Il cinema ha raccontato spesso la paura atomica: negli anni Sessanta Kubrick aveva scelto la satira con Il dottor Stranamore, mentre Fail safe di Sidney Lumet puntava su un realismo spietato, ambientato anch’esso nelle sale di comando, poi negli anni Ottanta The day after aveva scioccato gli spettatori mostrando gli effetti di un conflitto nucleare su una città americana. Bigelow sceglie una strada diversa: non mostra né la satira né la catastrofe, ma l’attesa stessa, quella sospensione in cui tutto può accadere e niente accade.

Tra Netflix e la sala

Il film arriva nelle sale l’8 ottobre, mentre l’uscita su Netflix il 24 ottobre garantisce al film una visibilità globale, ma la dimensione sonora e visiva rendono la sala il luogo ideale per viverlo: è lì che i bip dei radar e i silenzi improvvisi diventano davvero opprimenti.
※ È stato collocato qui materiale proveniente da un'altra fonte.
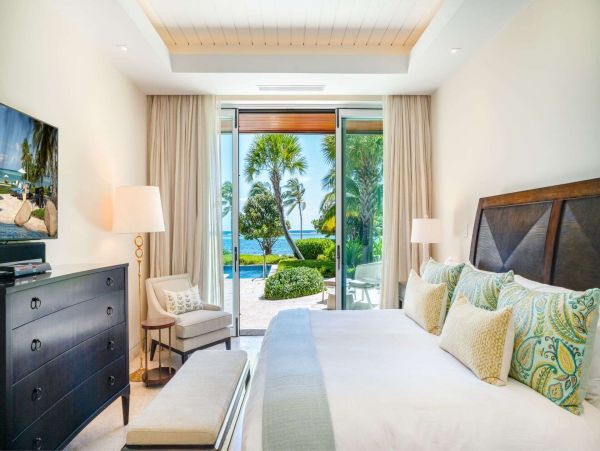 British Virgin Islands Home 1003184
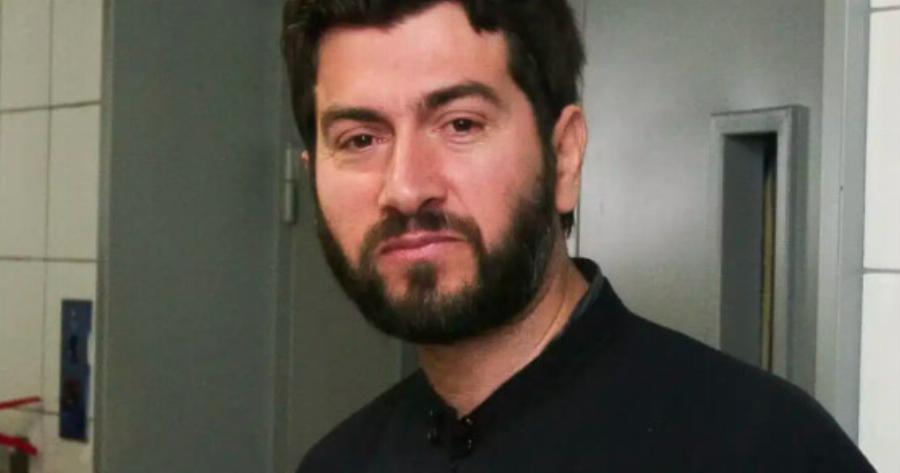 Απόφαση «βόμβα» για τον πατέρα Αντώνιο – Μαθεύτηκαν πριν λίγο τα πολύ δυσάρεστα νέα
Detto questo, se proprio si dovesse scegliere uno solo dei titoli della Mostra del cinema da godere sul grande schermo, forse la priorità andrebbe data a Frankenstein, che punta tutto sulla potenza visiva e scenografica, concepita come un quadro dopo l’altro. A House of Dynamite resta comunque un’esperienza forte, ma il suo impianto claustrofobico regge benissimo anche su uno schermo domestico.

In ogni caso, Bigelow ci consegna un film che non offre soluzioni né catarsi. L’apocalisse nucleare resta in sospeso, e con essa resta sospesa la nostra sicurezza. Il cinema, qui, diventa specchio di un presente che non promette salvezza, ma che ci ricorda che viviamo costantemente in bilico.